The coin was to have been issued two years ago to mark the centenary of his birth, but wisely enough, the Royal Mint’s board of directors vetoed the idea, despite the Royal Mail’s inappropriate decision to honor Dahl with a set of commemorative stamps. To its credit, the Royal Mint concluded that, since he was “associated with antisemitism,” he was “not regarded as an author of the highest reputation.”
In 1983, Dahl fanned the embers of hatred by demonizing Jews. As he told the New Statesman, “There is a trait in the Jewish character that does provoke animosity. Maybe it’s a kind of lack of generosity towards non-Jews. I mean, there’s always a reason why anti-anything crops up anywhere.”
With this coarse and sweeping generalization, Dahl falsely crucified Jews. As we know from history, generalizations of this kind have led to catastrophic consequences.
Several months before his death, Dahl, in an interview with the Independent, openly described himself as an antisemite and, in that crude spirit, attacked the “Jewish-owned” media. “It began in 1982, when the Israelis invaded Lebanon,” he said. “They killed 22,000 civilians when they bombed Beirut. It was very much hushed up in the newspapers because they are primarily Jewish-owned …”

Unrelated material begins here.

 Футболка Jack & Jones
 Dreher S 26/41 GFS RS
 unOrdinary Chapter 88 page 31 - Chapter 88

This comment is totally inaccurate and misleading. The figure Dahl cites is grossly inflated. In fact, the death toll in Beirut was much lower. And Israel’s bombardment of Beirut, whatever one may think of it, was not “hushed up,” as he claims, but widely reported.
During the course of this interview with the Independent, Dahl also said, “I’m certainly anti-Israeli and I’ve become antisemitic in as much as that you get a Jewish person in another country like England strongly supporting Zionism. I think they should see both sides. It’s the same old thing: we all know about Jews and the rest of it. There aren’t any non-Jewish publishers anywhere, they control the media – jolly clever thing to do – that’s why the president of the United States has to sell all this stuff to Israel … ”

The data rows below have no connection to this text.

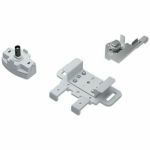 Epson V12HA32020 Mounting Track for Projector  Track Lighting - White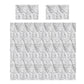 Vintage Floratene Duvet Cover Set
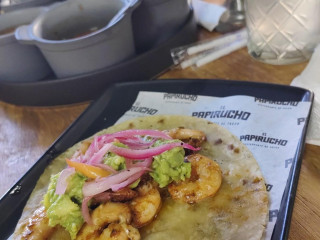 El Papirucho De Tacos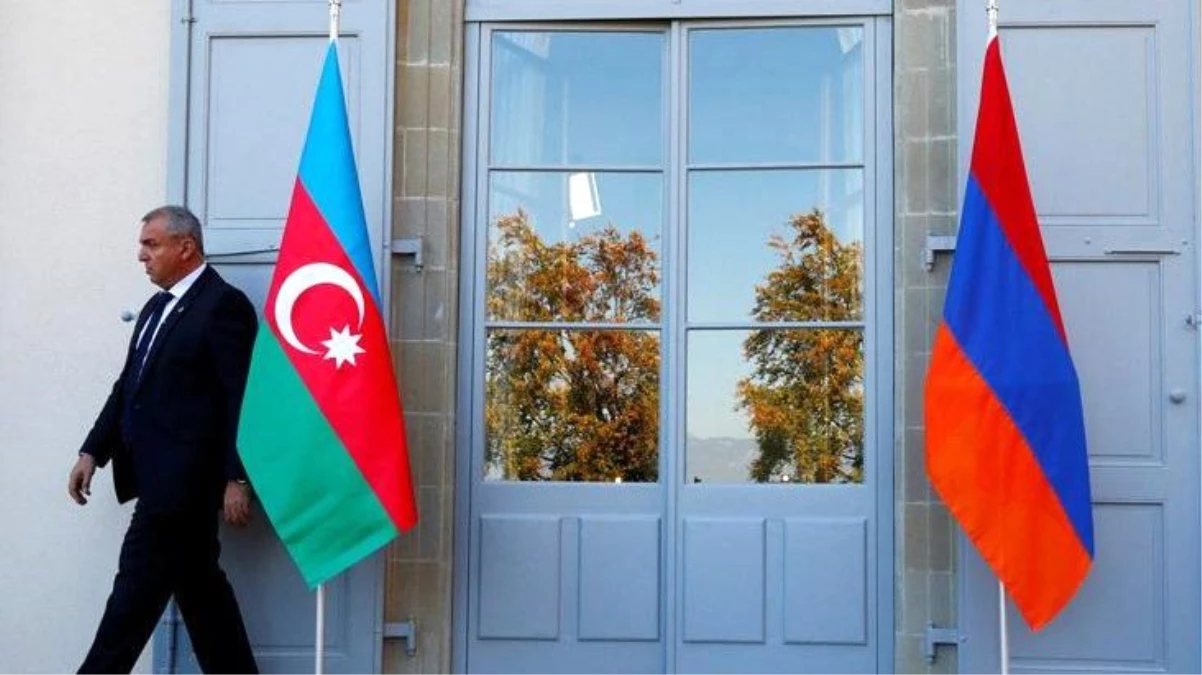 Azerbaycan, Ermenistan\'ın \'Masaya oturalım\' teklifine yanıt verdi: Karabağ işgali sona ermeli, ondan sonra görüşmeler mümkün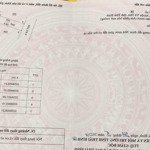 bán đất thôn quý sơn xã song an huyện vũ thư thái bình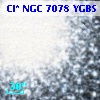 Cl* NGC 7078   YGBS      29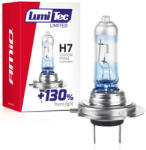 AMiO Lumitec Limited + 130% Halogén Izzó H7 12V 55W (0502133)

These comments reveal the mind of a bigot. On the basis of these passages, Dahl believes that British Jews have no right whatsoever to be Zionists. And if they are sympathetic to Zionism, they have brought antisemitism upon themselves. What arrant nonsense! As for his snide remark, “we all know about Jews,” it is perfectly in keeping with his seething animus toward the Jewish people. Finally, Dahl’s stereotypical assertion that Jews “control the media” has been proven to be completely baseless.
Dahl was doubtless a great writer, but he was also a disgusting racist. Racism has no place in a civilized society. The Royal Mint therefore had no alternative but to disqualify him as a figure worthy of commemoration.
Wes Streeting, a Labor Party MP and co-chair of the all-party parliamentary group on British Jews, probably put it best: “Roald Dahl’s children’s stories were my favorite books growing up and they will always occupy a special place in my heart. There’s certainly no reason why future generations of children shouldn’t continue to enjoy those stories.
“But I think it’s absolutely clear that the Royal Mint made the right decision because there is just no excusing or explaining away Roald Dahl’s comments and his views, which were antisemitic. It is as simple as that. This isn’t borderline antisemitism. This is classic, undeniable, blatant antisemitism. I think when it comes to celebrating individuals, these factors ought to be taken into account.”